Excerpts from a dataset:

|---|

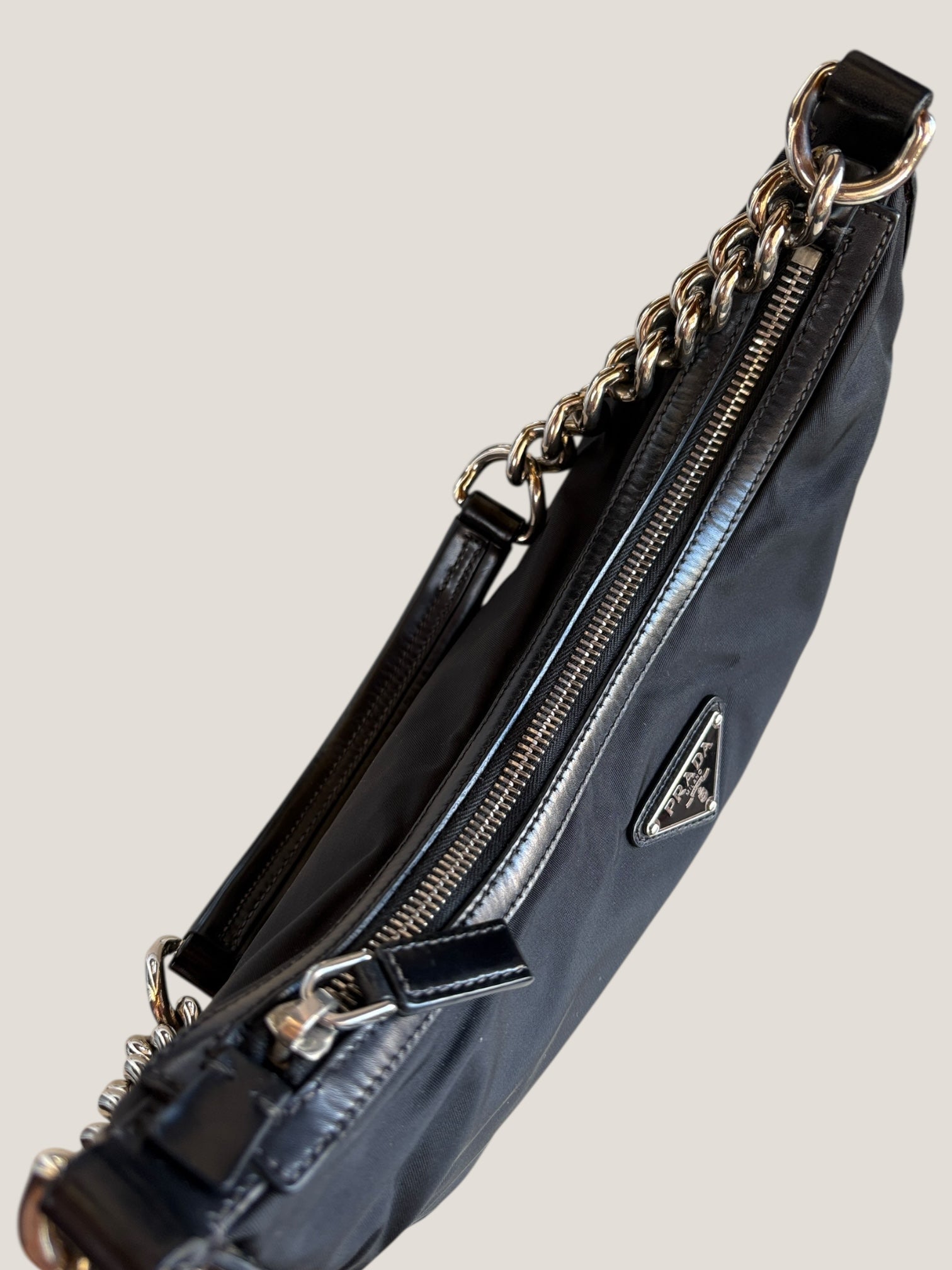 Prada Pochette Chain Nylon Nero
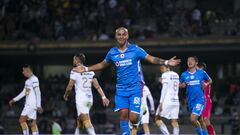 Cruz Azul le remonta a Pumas en la Copa por México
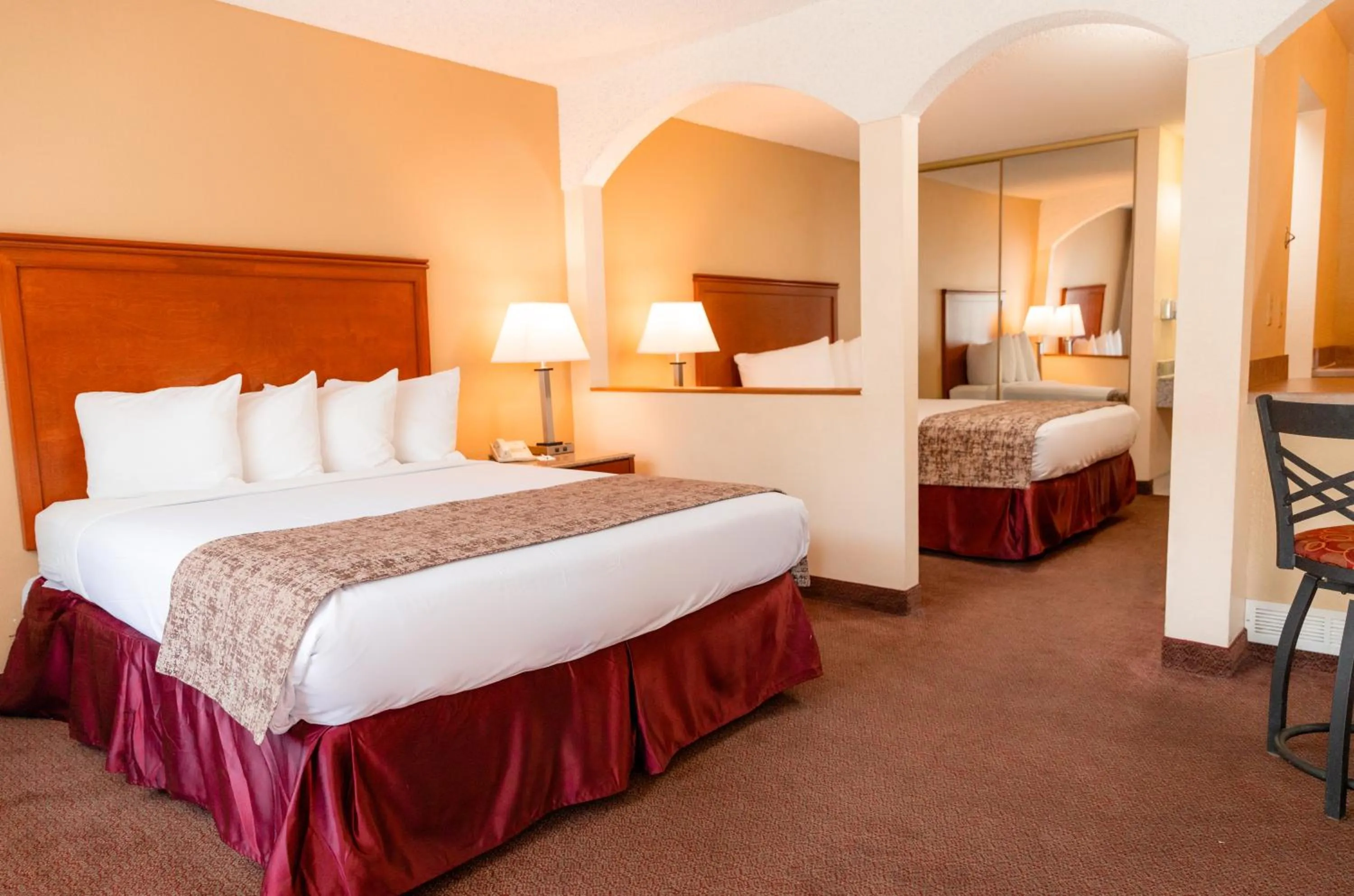 Photo of the whole room, Bed in Mardi Gras Hotel & Casino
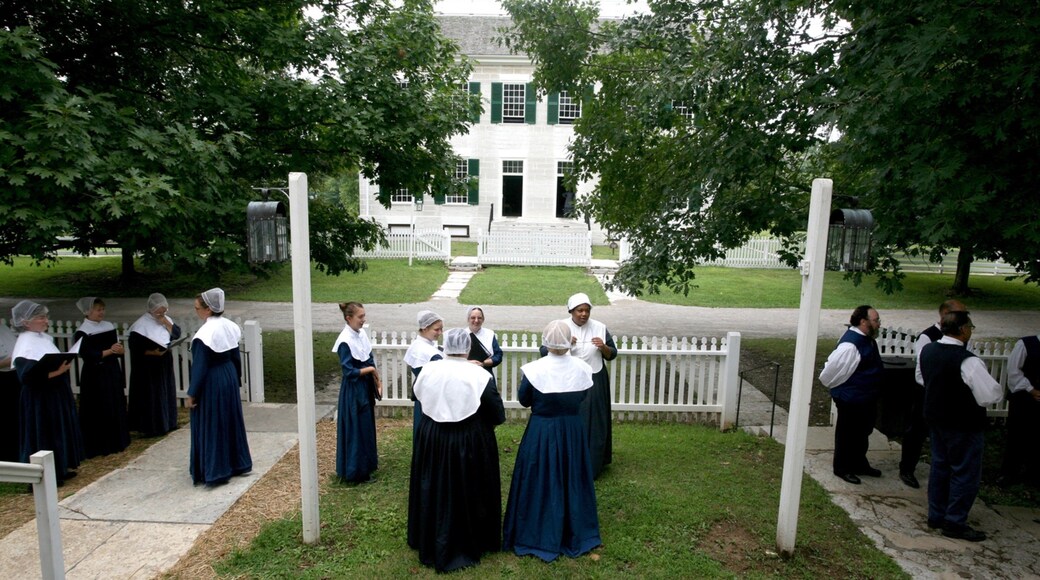 Shaker Village of Pleasant Village presenterar historiska element sÄvÀl som en liten grupp av mÀnniskor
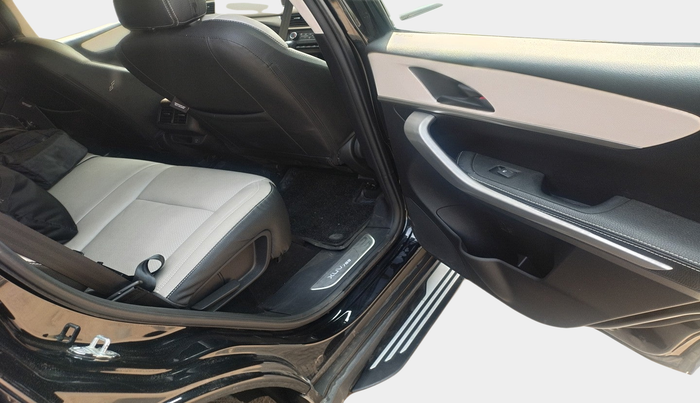 2024 Mahindra XUV700 AX 5 D AT 7 STR, Diesel, Automatic, 24,763 km, interior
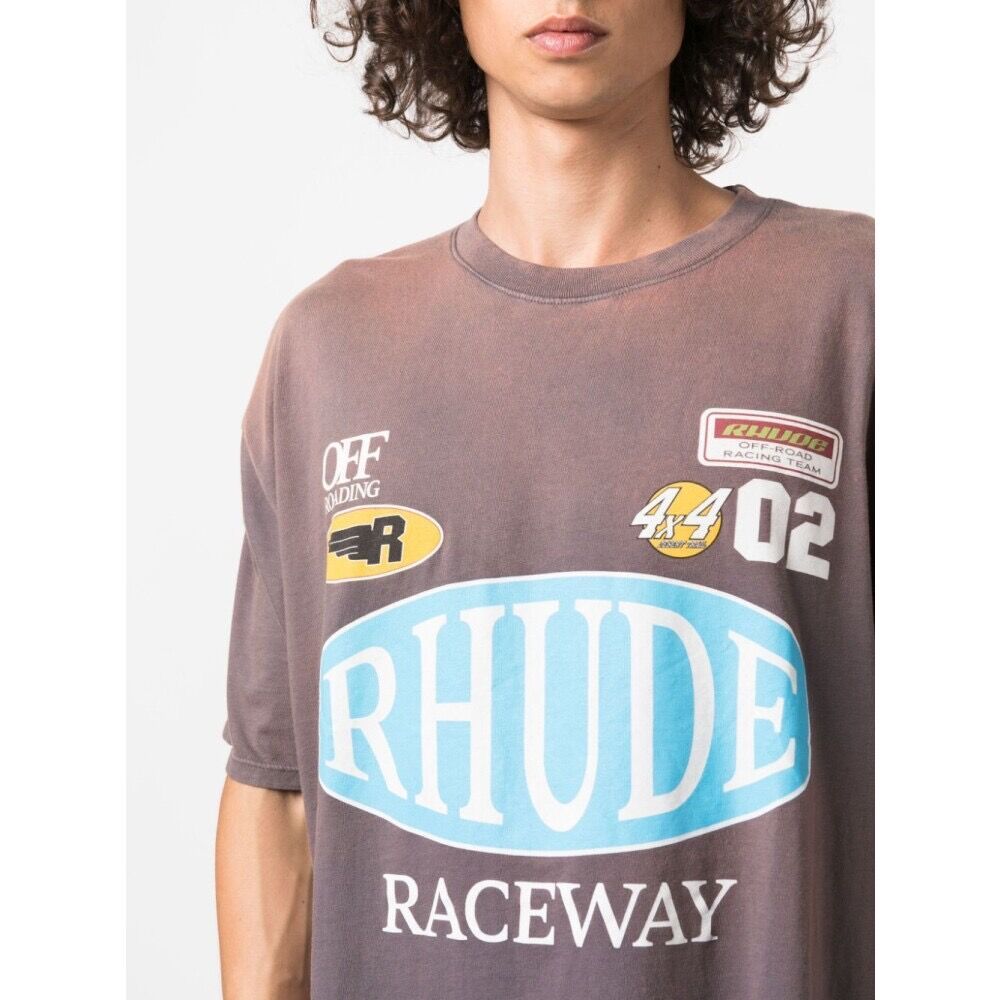 RHUDE RACEWAY TEE การออกแบบการพิมพ์โลโก้ธีมแข่งในเสื้อยืดแขนสั้นภาษาอังกฤษสไตล์วินเทจซักเพื่อให้เสื้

|---|

A verbatim copy is needed of the lines running from the line with "Shaker Village of" to the end of the data above, both included. Keep the pictures out of it.

 Shaker Village of Pleasant Village presenterar historiska element sÄvÀl som en liten grupp av mÀnniskor
 2024 Mahindra XUV700 AX 5 D AT 7 STR, Diesel, Automatic, 24,763 km, interior
 RHUDE RACEWAY TEE การออกแบบการพิมพ์โลโก้ธีมแข่งในเสื้อยืดแขนสั้นภาษาอังกฤษสไตล์วินเทจซักเพื่อให้เสื้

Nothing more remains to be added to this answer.